Article 12 Evidence (Detail)

Evidence Source
Logging configuration Technical documentation
Sample logs Log exports
Retention compliance Retention policy, verification
Tamper-evidence Log integrity verification

GDPR Article 22 Alignment

GDPR Article 22 gives data subjects the right not to be subject to solely automated decisions with legal or significant effects.

How the framework satisfies this:

GDPR Requirement Framework Implementation
Not solely automated HITL for all CRITICAL decisions
Meaningful human involvement Humans decide, not rubber-stamp
Right to human intervention Override capability
Right to explanation Judge reasoning + human decision trail

The Judge's role is critical here: - Judge does NOT make decisions - Judge surfaces findings for humans - Humans make the decision - Therefore, decision is not "solely automated"


Implementation Checklist

For High-Risk AI Systems (CRITICAL Tier)

  • Risk management system documented (Art. 9)
  • Data governance documented (Art. 10)
  • Technical documentation complete (Art. 11)
  • Logging implemented with appropriate retention (Art. 12)
  • Transparency requirements met (Art. 13)
  • Human oversight implemented (Art. 14)
  • 100% HITL for consequential decisions
  • Override capability functional
  • Humans trained and accountable
  • Accuracy and security validated (Art. 15)
  • Guardrails deployed and tested
  • Judge deployed with 100% sampling
  • HITL processes operational
  • Feedback loops active

Limitations

This crosswalk provides guidance, not legal advice.
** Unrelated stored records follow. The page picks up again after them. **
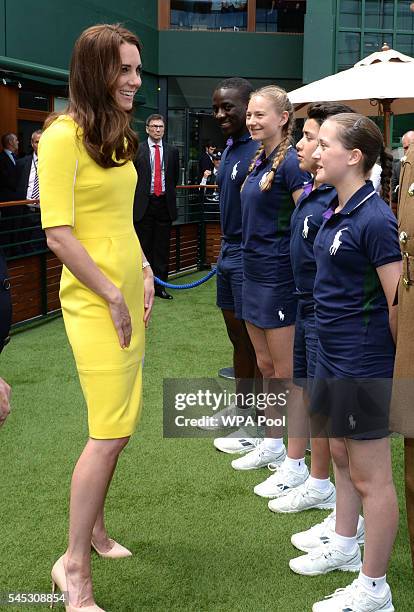 Catherine, Duchess of Cambridge meets ball boys and girls, from left, Dominic Barnaby, Olivia Mallett, Thomas Morais and Anissa Mayouf, during a...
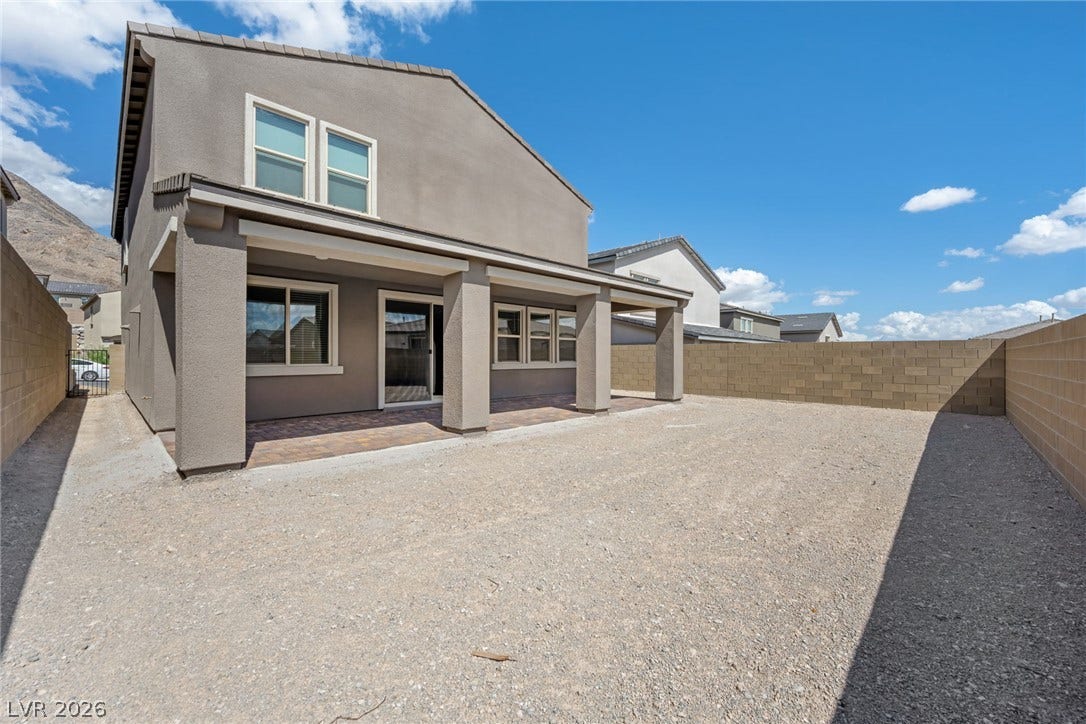 11823 Mimicking Song Lane, Las Vegas, NV 89138 A spacious backyard area includes a covered patio and is enclosed by privacy block walls.
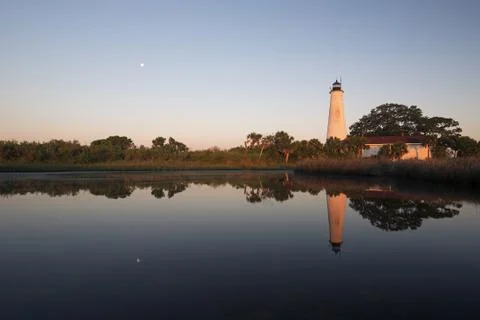 Moon set over the lighthouse at St. Marks National Wildlife Refuge, Florida Stock Photos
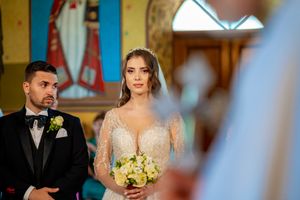 Ornate church interior decorated for a traditional wedding ceremony.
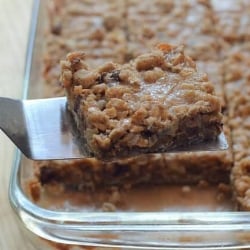 A piece of cake on a plate, with Caramel and Oat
Key limitations:

  1. Interpretation may vary: Regulatory interpretation is still evolving
  2. Technical standards pending: EU is developing harmonised standards
  3. Context matters: Specific implementation depends on your use case
  4. Legal advice required: Consult legal counsel for your situation

AI Runtime Behaviour Security, 2026 (Jonathan Gill).